··· Extracted data ···

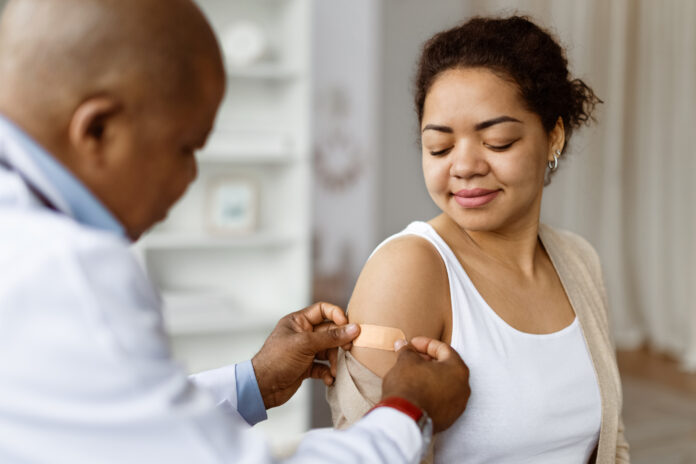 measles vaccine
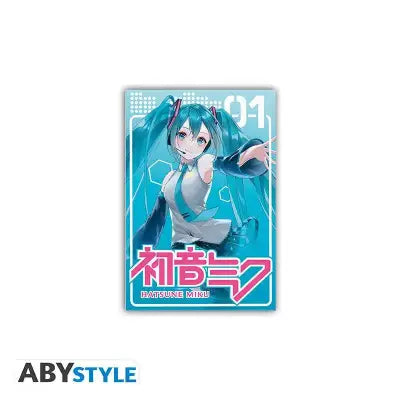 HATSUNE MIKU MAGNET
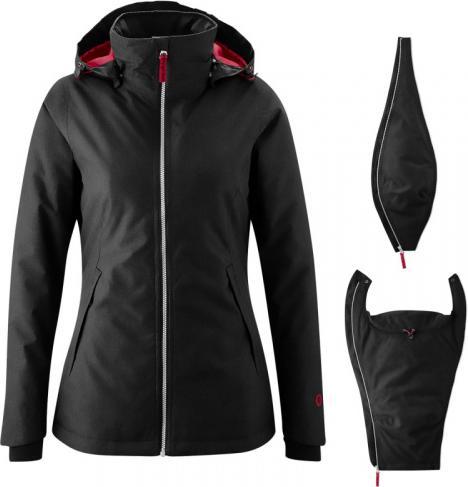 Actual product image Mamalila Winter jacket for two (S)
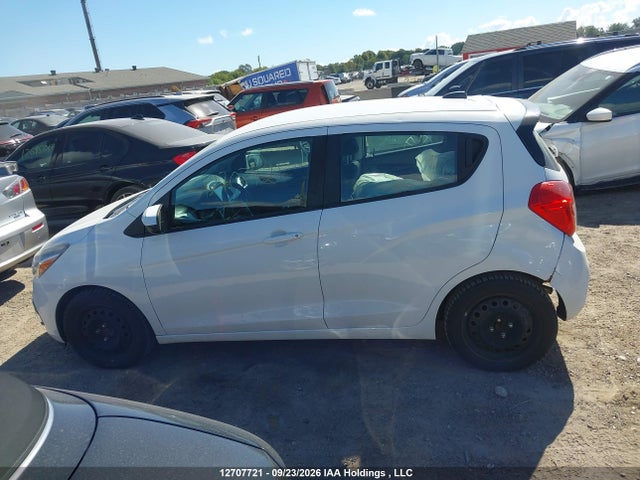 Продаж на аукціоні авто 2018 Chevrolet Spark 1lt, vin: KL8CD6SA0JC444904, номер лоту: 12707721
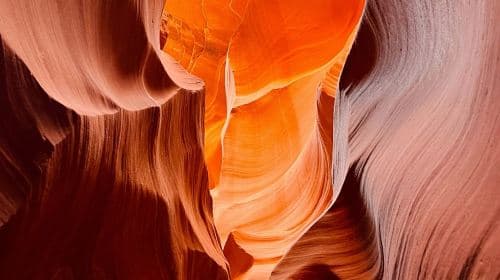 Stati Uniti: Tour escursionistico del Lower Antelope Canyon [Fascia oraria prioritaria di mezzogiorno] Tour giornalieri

···
··· Extracted data ···

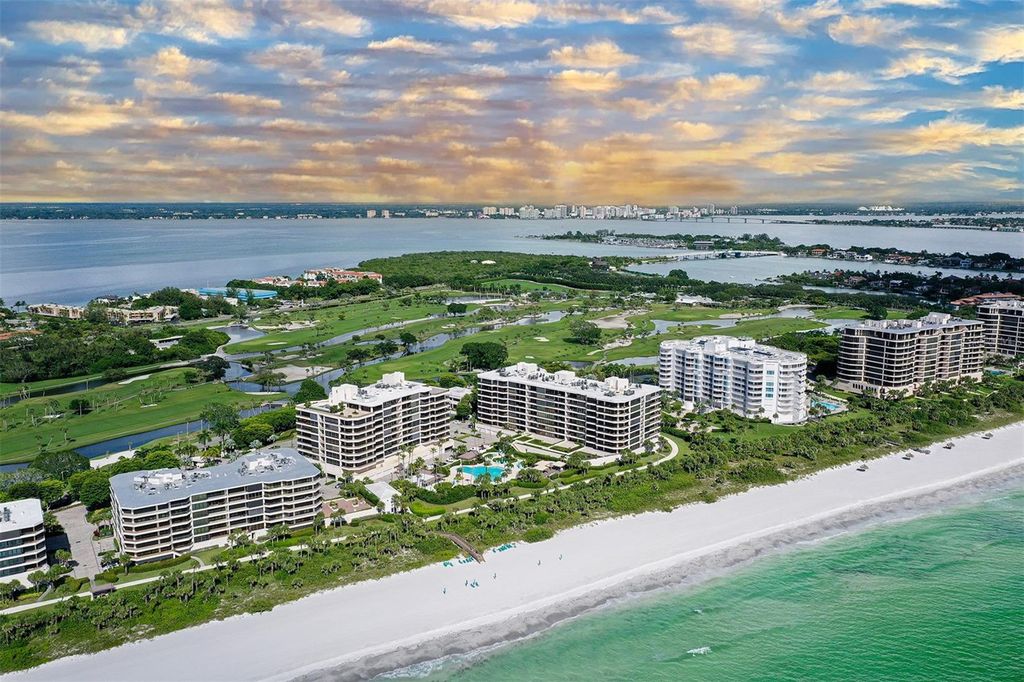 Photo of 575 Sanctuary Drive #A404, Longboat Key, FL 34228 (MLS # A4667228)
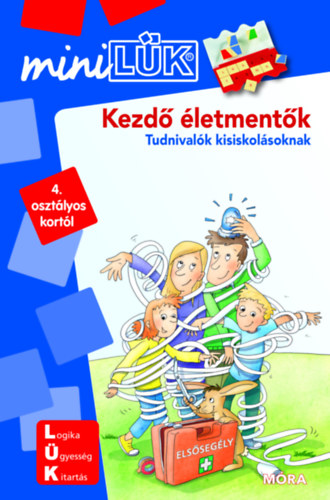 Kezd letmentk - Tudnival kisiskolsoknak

···

— Requirement —
Work from the entries above. Set down exactly and only the lines from the line with "Actual product image" to the line with "Stati Uniti: Tour", both included, and leave the pictures out.

— Expected output —
 Actual product image Mamalila Winter jacket for two (S)
 Продаж на аукціоні авто 2018 Chevrolet Spark 1lt, vin: KL8CD6SA0JC444904, номер лоту: 12707721
 Stati Uniti: Tour escursionistico del Lower Antelope Canyon [Fascia oraria prioritaria di mezzogiorno] Tour giornalieri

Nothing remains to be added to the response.